The Old One and The Sea (Hardback)The Old One and The Sea by Lex H. Jones
My rating: 4 of 5 stars

When an earthquake thrusts a strange black reef to the surface off the coast of Innsmouth, young Howard Phillips goes to investigate...

My wife and I have been accumulating odd children's books since before our son was conceived and I'm always on the lookout for new takes on the Cthulhu mythos so this was right in my wheelhouse.

The Old One and The Sea recasts Cthulhu as a misunderstood monster. The setup reminds me of Iron Giant or something of that nature.

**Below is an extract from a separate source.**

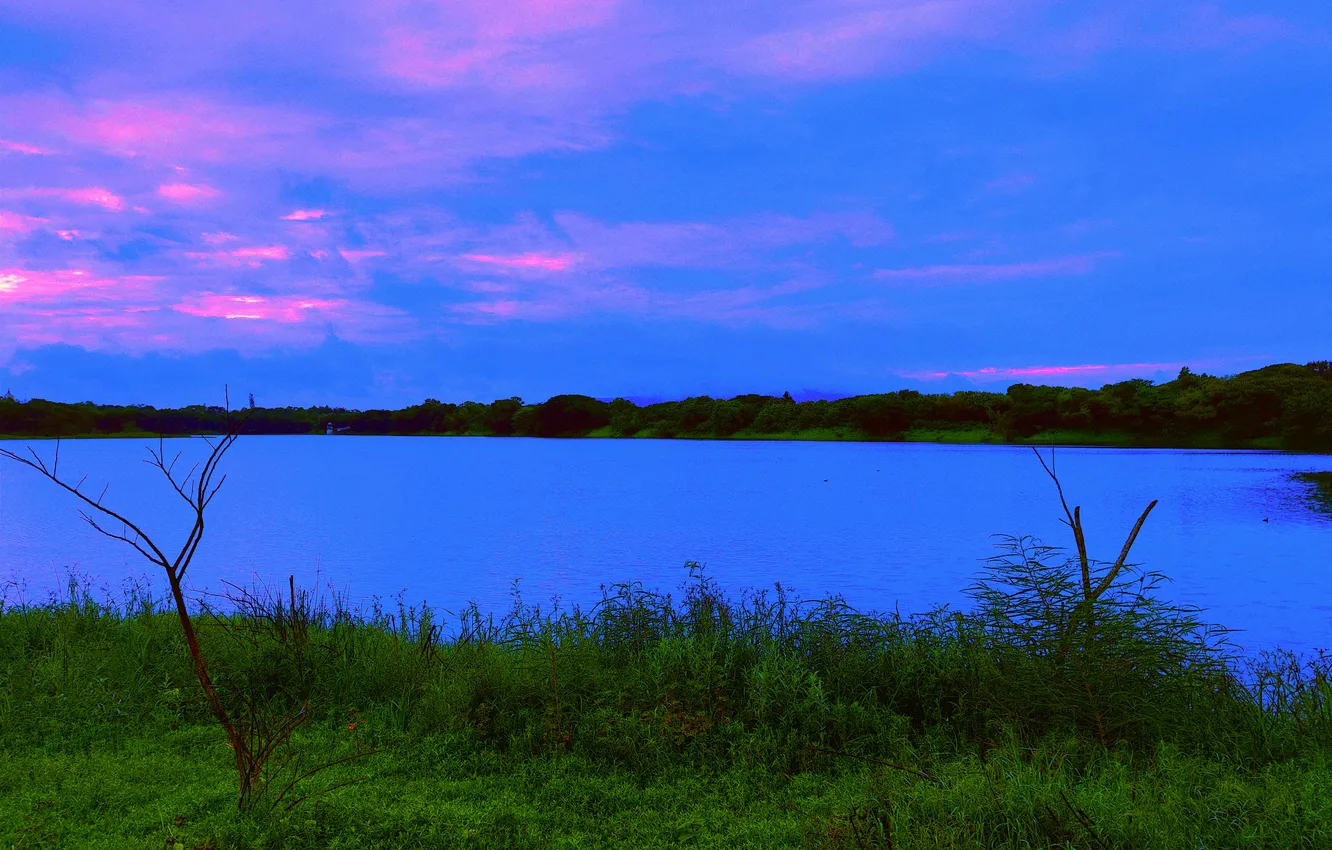 Фото обои Sky, Grass, Water, Sunrise, Dawn, Morning, Lake, Bush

Boy befriends monster and the adults want it dead.

I like what Lex Jones does with HP Lovecraft and Cthulhu here. Cthulhu's like a big dumb dog with godlike powers, befriending little Howard. Howard, a little boy without a father, quickly grows attached, just in time for the adults to come fuck things up.

The artwork is cute but not nauseatingly so. There's still a hint of creepiness lurking around the edges. My favorite piece of art is after Cthulhu alters Howard so that they can venture beneath the waves together.

The Old One and The Sea is a charming new take on the Cthulhu mythos. I'll read it to my son when he's older and the stars are right. Four out of five Cyclopean monsters.